START Data

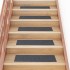 Alfombrillas escaleras autoadhesivas 30uds gris claro 76x20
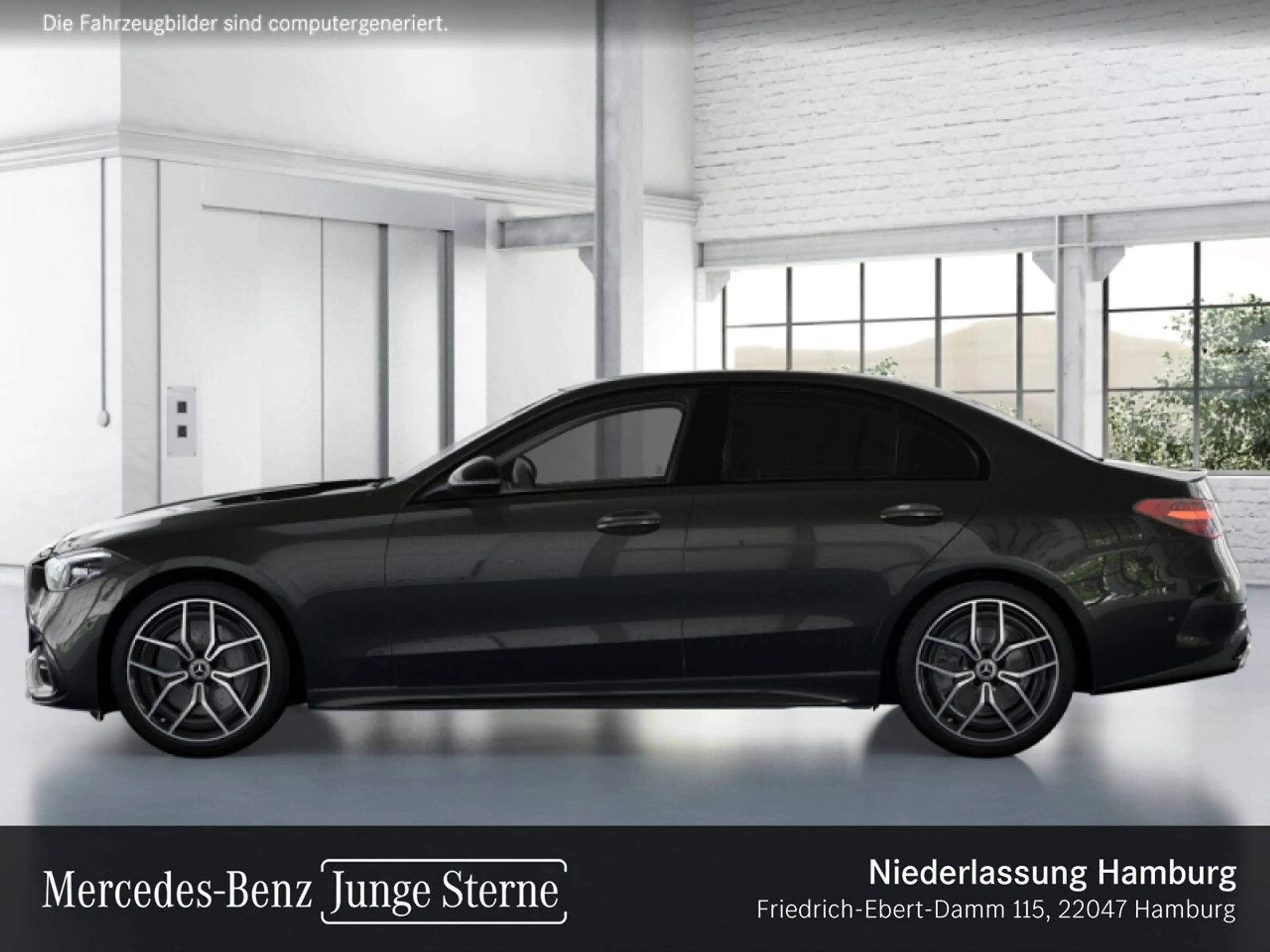 Mercedes-Benz C 180 AMG+NIGHT+LED+KAMERA+TOTW+KEYLESS+9G — photo 5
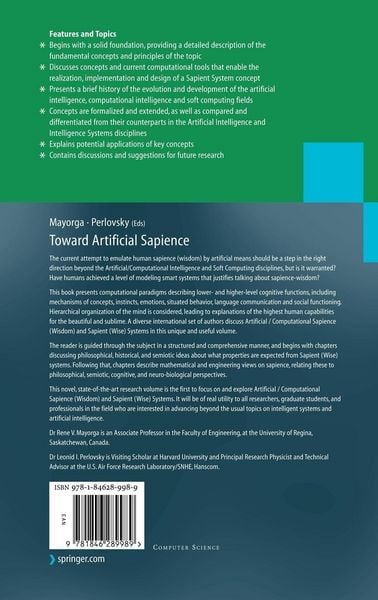 Produktbild: Toward Artificial Sapience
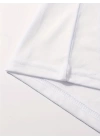 Baskılı Oversize Bisiklet Yaka T-shirt - Beyaz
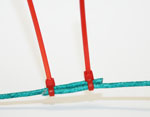 Red zip tie, 100 count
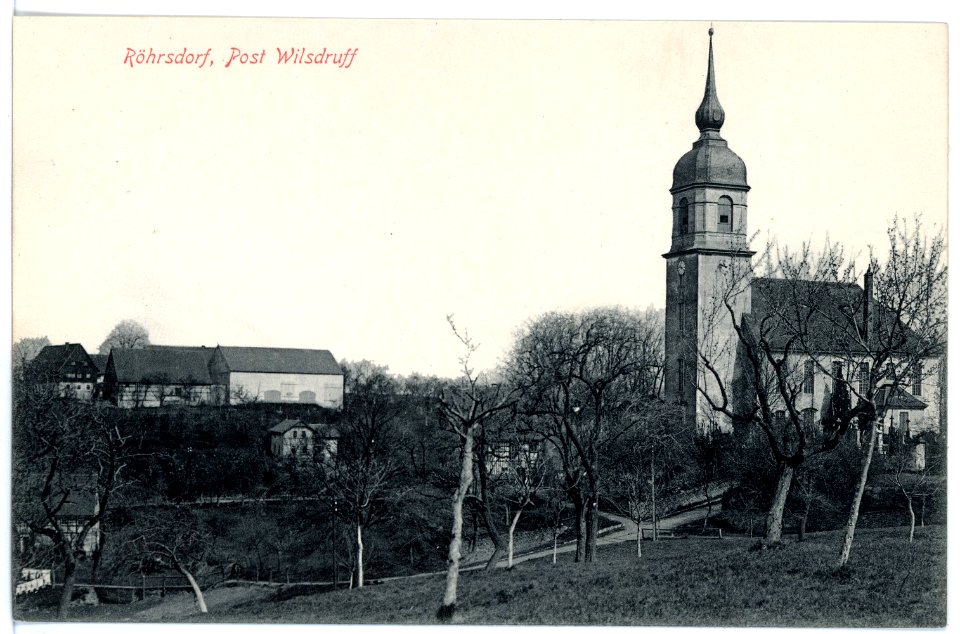 15660-Röhrsdorf-1913-Kirche-Brück & Sohn Kunstverlag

END Data

▶ _Exercise instructions_
Find the line that contains "Baskılı Oversize Bisiklet". Copy it and every line after it through the end of the listing exactly, but not the pictures.

▶ _Answer section_
 Baskılı Oversize Bisiklet Yaka T-shirt - Beyaz
 Red zip tie, 100 count
 15660-Röhrsdorf-1913-Kirche-Brück & Sohn Kunstverlag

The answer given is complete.